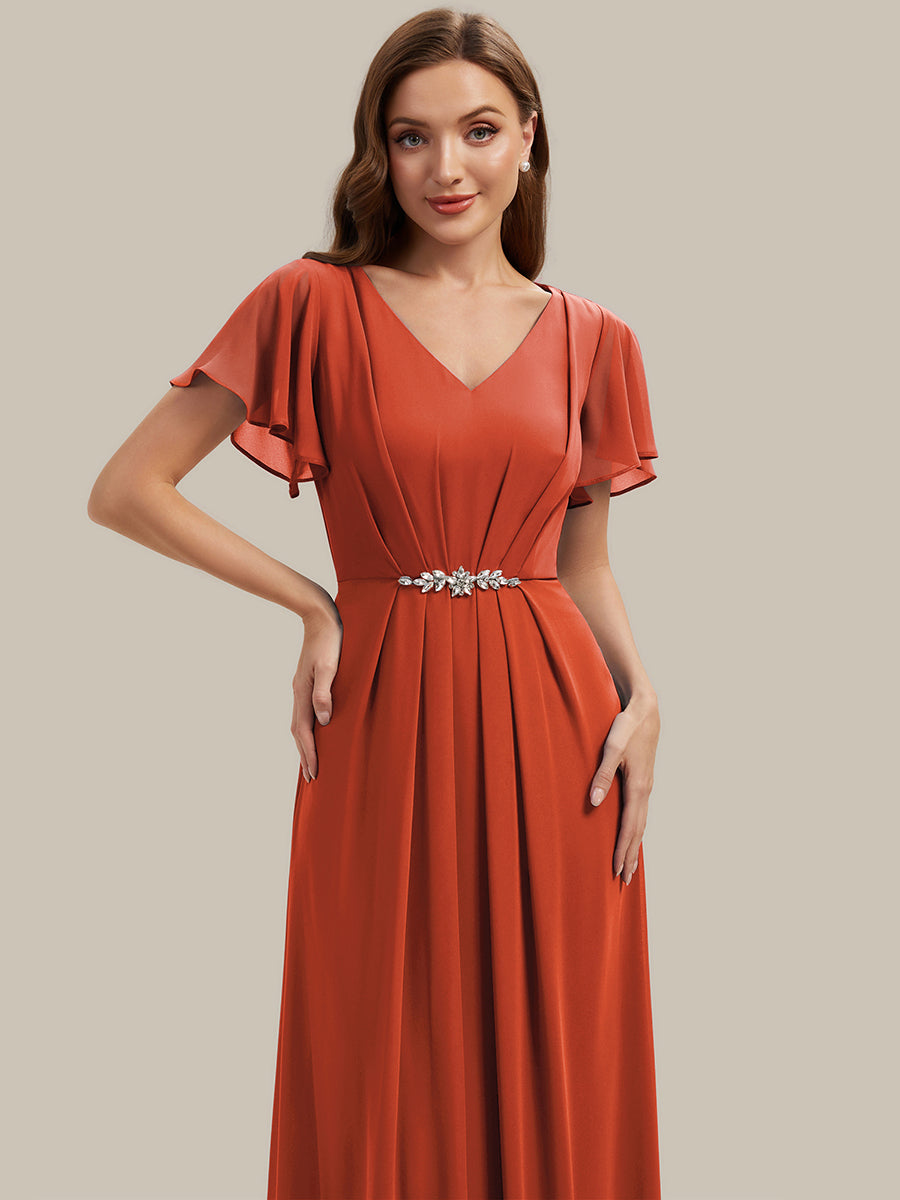 Robe longue maxi ligne A avec manches à volants col en V ornée de strass #Couleur_Burnt Orange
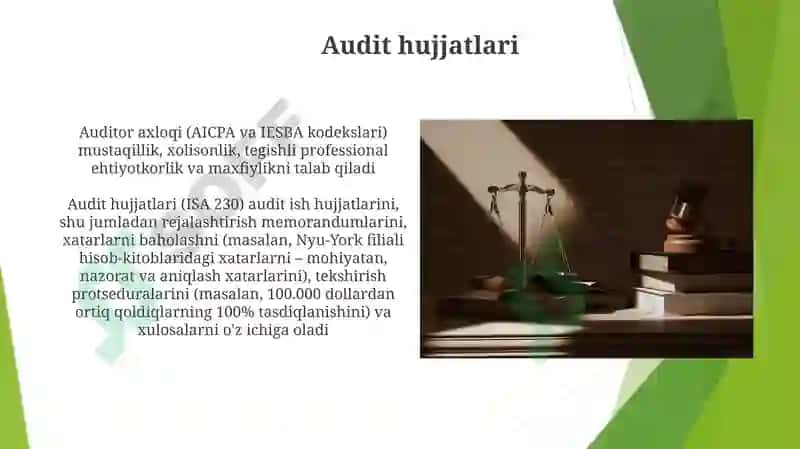 Auditorlik professional etikasi va auditorning huquqiy javobgarligi 6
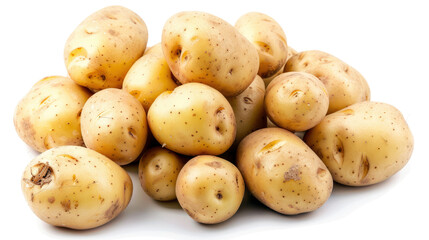 A pile of potatoes on a white background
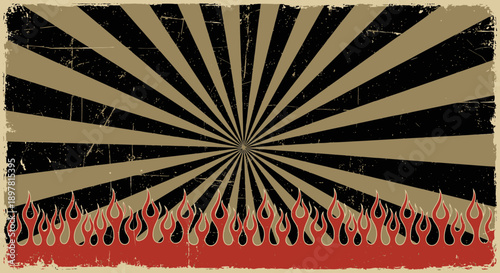 Vintage Hot Rod Flames Background with Sunburst Stripes and Grunge Texture. Retro Kustom Kulture Poster Design Element.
• • • • •
### About this exercise
Copy verbatim the span that opens at the line with "Auditorlik professional etikasi" and closes at the final line of the listing. Do not carry over any pictures.

### Solution to this task
 Auditorlik professional etikasi va auditorning huquqiy javobgarligi 6
 A pile of potatoes on a white background
 Vintage Hot Rod Flames Background with Sunburst Stripes and Grunge Texture. Retro Kustom Kulture Poster Design Element.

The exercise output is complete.